The idf(t) should be understood like this : a word appears n times in the document collection, and the total number of document collections is N. idf(t) comes from information theory. Then the probability of this word appearing in each document is: $n / N$ , so the amount of information about this word appearing in this document is: $- l o g (n / N)$ . This is somewhat similar to information entropy $(- P (x) l o g P (x))$ , When performing feature selection using the filtering method of data mining, mutual information needs to be used. In fact, it is to calculate information gain and decision trees. Put $- l o g (n / N)$ transform, $l o g (N / n)$ , in order to avoid the appearance of 0, smoothing is performed, which is the above formula (just like Naive Bayes requires Laplacian smoothing).

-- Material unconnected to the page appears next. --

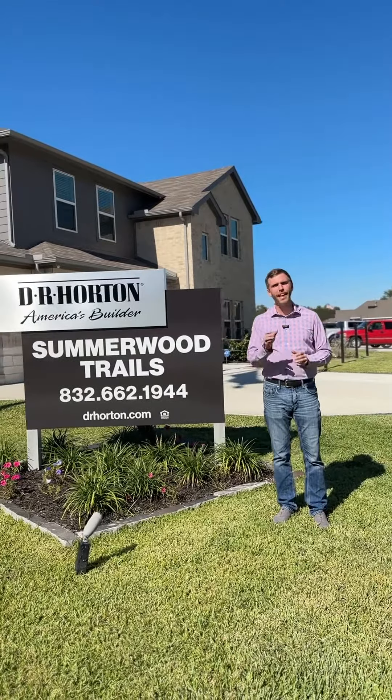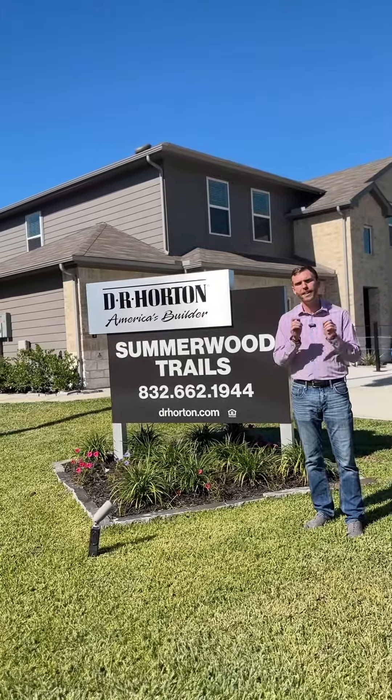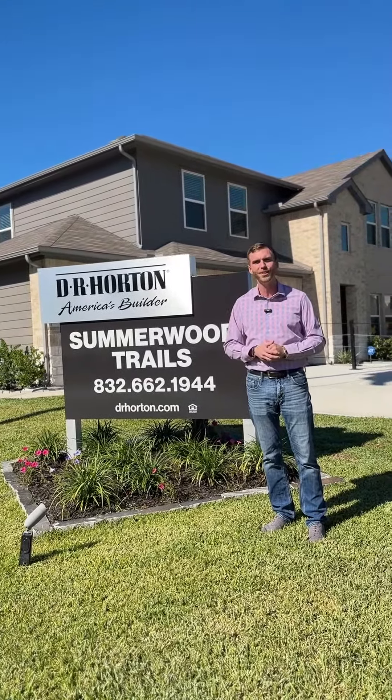I'm Adam Olson with the Adam Olson team in eXp Realty. If you would like more information on these gorgeous new construction homes by D.R. Horton in Willis, Texas, give us a call or inquire below. We'll talk to you soon.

Next we still use the module TfidfVectorizer in Sklearn to implement it. The code is as follows:

from sklearn.feature_extraction.text import TfidfVectorizer
import numpy as np
from scipy.linalg import norm


def tfidf_similarity(s1, s2):
    def add_space(s):
        return ' '.join(list(s))
    
    # 将字中间加入空格
    s1, s2 = add_space(s1), add_space(s2)
    # 转化为TF矩阵
    cv = TfidfVectorizer(tokenizer=lambda s: s.split())
    corpus = [s1, s2]
    vectors = cv.fit_transform(corpus).toarray()
    # 计算TF系数
    return np.dot(vectors[0], vectors[1]) / (norm(vectors[0]) * norm(vectors[1]))


s1 = '你在干嘛呢'
s2 = '你在干什么呢'
print(tfidf_similarity(s1, s2))

The vectors variable here actually corresponds to the TFIDF value, and the content is as follows:

[[0.         0.         0.4090901  0.4090901  0.57496187 0.4090901 0.4090901 ]
 [0.49844628 0.49844628 0.35464863 0.35464863 0.  0.35464863 0.35464863]]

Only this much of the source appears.